You're probably sick of hearing about it.
But it is still out there. It still happens.
It happened to me. I used to think it was fictional, like something that only happened in books and movies.
Then I dared to sit at the popular kids lunch table in sixth grade. With them. (I know, how could I?!)
The words I could almost handle. The carpet burn on my chin from being tripped burned pretty bad though; and the blackmail was not that bad. I held onto hope that my teachers would notice, that they would say something at parent teacher conferences. But all they did was rave about how many friends I had. Are your friends supposed to make you do their work for them and threaten to make your life *more* miserable?

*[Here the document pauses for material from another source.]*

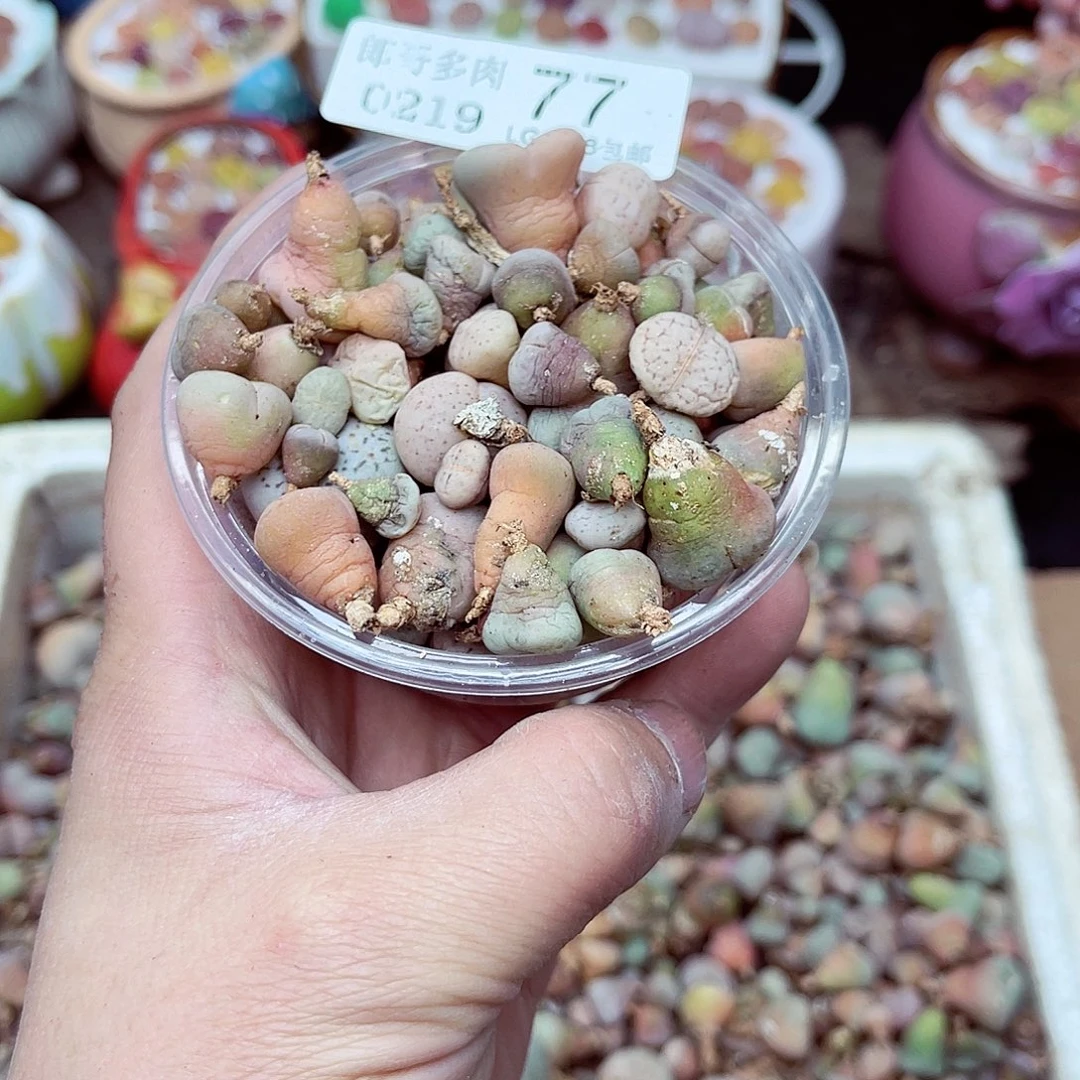 生石花满18包邮19-77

One counselor meeting was all it took to make it all stop. Nearly nine months of torture and all it took was thirty minutes to finish it.
The bullies were still there - they just knew better than to bother with me; I didn't react, so I wasn't worth it.
Now I'm a junior in college, and the bullies are back (not the same people, of course).
I knew they would. I just thought it would be different, and I guess it sort of is.
Instead of name calling, its making snide remarks in front of the whole class.
Instead of tripping, its dirty looks while I present my project.
Instead of blackmail, its acting rude and bashing my group and I while we teach our assigned chapter.
And yet I still wait. Wait for you to give up when I don't react. Wait for our professors to say something to you about your behavior. They don't. You think they "love" you and find your sarcastic comments funny like your cohorts do. Well, I can assure you they do not. Our female professor? Confessed to me after class that she could not believe the class' behavior that day - but she looked right at your seat. Our male professor? I sit in his classroom and interact with him 9+ hours a week - and before we went into field experience it was 16+ hours. The looks he gives you may seem just a hair different from the ones he gives everyone else - but it is not a look of amusement.
So I'll keep walking away. And if you really make me mad, I'll shoot you my ring finger. You're not worth the middle finger.